Amnesty-Jahresbericht: Menschenrechtslage laut Amnesty „so dramatisch wie lange nicht“

Die Nichtregierungsorganisation Amnesty International sieht in ihrem Jahresbericht für 2024 weltweit einen Rückschritt für die Menschenrechte. Der internationalen Staatengemeinschaft warf sie ein „globales Versagen“ vor. Autoritäre Praktiken seien auf vielen Kontinenten auf dem Vormarsch. Angriffe auf den Rechtsstaat und das Völkerrecht verschärften die globale Menschenrechtskrise aktuell „so rasant und dramatisch wie lange nicht“, heißt es in dem Bericht. Rechtsbrüche werden laut dem Bericht „zunehmend gerechtfertigt“.

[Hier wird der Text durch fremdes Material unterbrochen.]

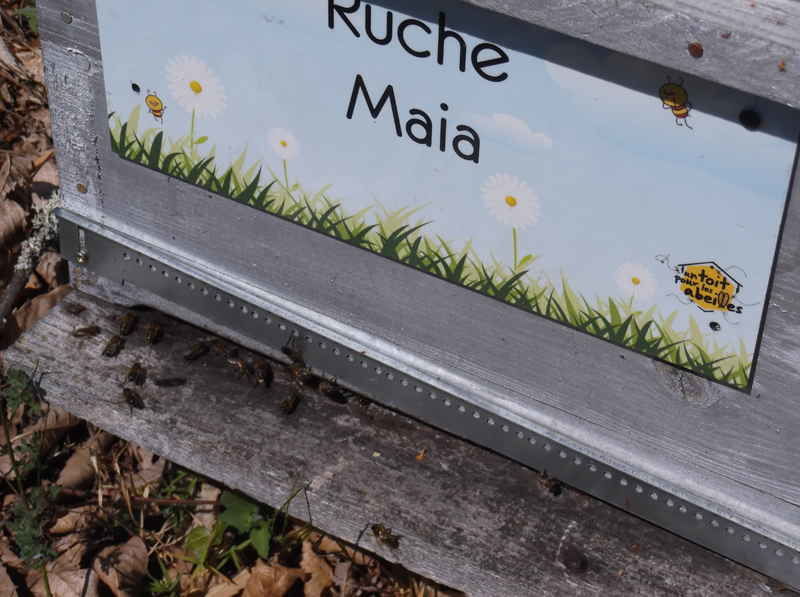 La ruche Maia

Den US-Präsidenten Donald Trump sieht Amnesty als „Brandbeschleuniger“. Mit seiner Wiederwahl drohe das
Ende der Regeln, die nach dem Zweiten Weltkrieg
geschaffen worden seien, um Frieden, Freiheit und Würde aller Menschen auf der
Welt zu sichern, sagte Julia Duchrow, Generalsekretärin von Amnesty Deutschland. Das Abschneiden humanitärer Hilfe bringe Gefahr für
Millionen Menschen, sagte Duchrow. In den USA soll die insbesondere
auch für Afrika bedeutende Entwicklungshilfebehörde USAID bis zum 1.
Juli zerschlagen werden
.

Erneut Völkermordvorwurf gegen Israel

Amnesty listet in dem Bericht mehrere mutmaßliche Kriegsverbrechen gegen die Zivilbevölkerung auf. Dabei geht die NGO auch detailliert auf die Lage im Sudan, in der Ukraine und im Gazastreifen ein. Israels Vorgehen im Gazastreifen habe katastrophale Folgen für die palästinensische Zivilbevölkerung gehabt, heißt es im Jahresbericht. Amnesty wirft Israel zudem erneut vor, im Gazastreifen einen Völkermord begangen zu haben.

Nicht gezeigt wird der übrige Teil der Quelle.